The Ayrview Acres Utica Shale drilling operation on state Route 30 towers over the rural stretches of Columbiana County’s West Township.

Propped up a few hundred feet above ground level, the five-acre drilling pad is accessible from an inclining, winding driveway that stretches a few hundred feet from the road.

On an unseasonably warm March afternoon, between 10 and 15 workers — from states such as Texas and Minnesota, judging by the on-site license plates — work sporadically stuffing approximately 12,000 feet of pipe through 20 or so underground formations until it reaches the Utica Shale, a formation about 7,000 feet beneath the earth’s surface rich in dry gas, wet gas and oil.

After reaching the intended vertical depth using an air-drilling process, the workers will pull the long drill pipe back from the ground and refit the pipe with a drill bit that can be shifted a few degrees horizontally from thousands of feet below the ground.

These are the initial stages of a Utica Shale well, which takes months of preparation, execution and perfection, along with about $7 million to $9 million, before any natural resource extraction takes place.

Oklahoma City-based Chesapeake Energy Corp., a company that in some form or fashion has handled nearly all Utica Shale wells in Ohio, operates the well site.

There has been much discussion of the ramifications of a horizontally fractured well, which uses a high-pressure mix of water, chemicals and sand to crack open pores of shale rock to open natural-resource reserves.

But there has been little discussion about the actual process, seemingly cloaked in mystery.
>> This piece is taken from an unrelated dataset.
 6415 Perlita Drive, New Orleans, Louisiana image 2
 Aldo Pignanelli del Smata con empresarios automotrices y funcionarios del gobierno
Chesapeake invited The Vindicator to tour this site while the drilling operation was under way.


The West Township well, one of three on the Ayrview property, is currently in the drilling stage.
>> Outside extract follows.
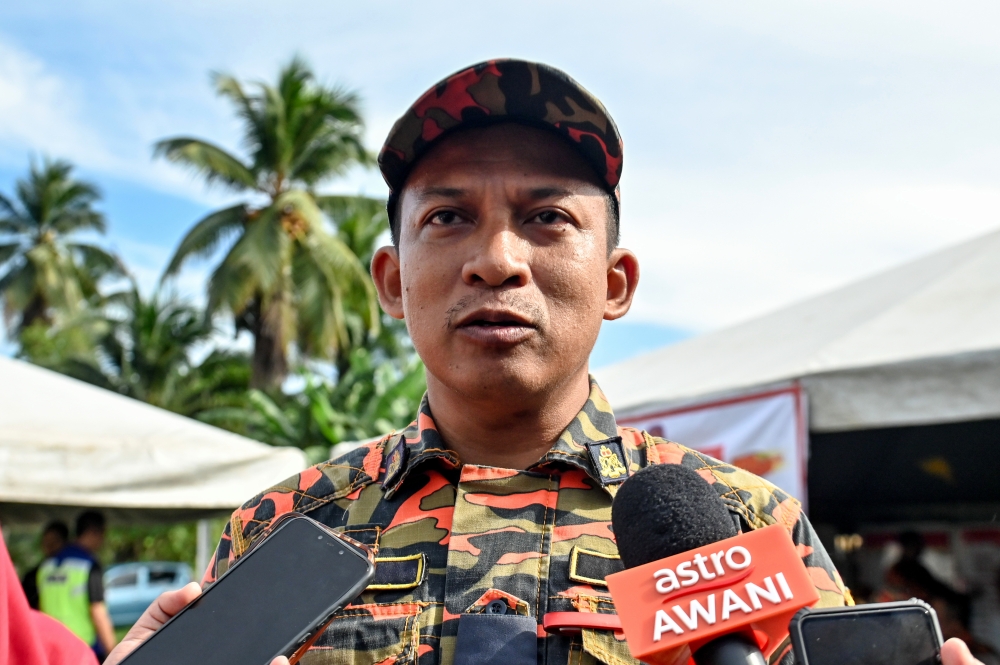 Terengganu Fire and Rescue Department Zone 2 chief Azman Alias speaks to reporters at the Air Putih police station in Kemaman July 4, 2023. — Bernama pic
A drill pipe initially is suspended in the air by the drill rig — the tall, towerlike structure that for a short time makes extraction and injection wells stick out like a Sears Tower replica in a subdivision of two-story ranches.

This is not to be confused with fracking, a process in which water, chemicals and sand are blasted into shale rock to unlock natural resources.

That process comes later.

The air drilling takes the drill pipe down 7,000 feet to a precise location determined from extensive seismic testing conducted well before Chesapeake ever breaks ground on a well site.

Then a special drill bit is affixed to the end of the pipe. That bit can be rotated a degree or two so the company can drill laterally.

This process is no longer air-drilled; instead, Chesapeake uses a synthetic-based drilling mud.

Unlike conventional drilling, say, with a cordless drill, workers are blind to the earth beneath their feet.

So how do they know the bit is headed in the right direction?

They are blind but not unaware; they can tell by the way the drill cuttings come back toward the surface using computer technology.

The drilling churns up tons upon tons of earth material, bringing with it naturally occurring radioactive material or NORM.

That dark black soilish-looking product is trucked off-site to landfills.

The drilling process takes about a month to complete; the rig runs around the clock during this time.

The entire process is incredibly noisy, especially for those on-site. A monotone humming sound can be heard from the roadway a few hundred feet away.

Upon the completion of drilling, however, there is still a long way to go before any resource extraction occurs.


At the Ayrview site sits thousands of feet of 5½-inch diameter steel production casing manufactured by V&M Star in Youngstown.

Chesapeake will string that pipe down the drilled well.

From the surface, Chesapeake will string a perforating gun with an electrical current to create small holes in the production casing, which will perforate between 24 and 36 inches of the shale in a vertical fashion.

Next comes the fracking fluid, blasted down the well at pressures of nearly 7,000 pounds per square inch.

The process uses, on average, about 4 million to 5 million gallons of water and anywhere from 18,000 to 35,000 gallons of chemicals and other additives.

But Chesapeake does not pump all of that fluid down the well at one time, nor does it use a consistent mix of all additives.

A horizontal well is actually fracked about 10 times, in segments 200 to 300 feet apart.

At the front end, the mix contains a higher concentration of hydrochloric acid, then a gelling agent such as guar gum (also used to make ice cream creamy) to thicken the water and carry sand to keep shale fissures open.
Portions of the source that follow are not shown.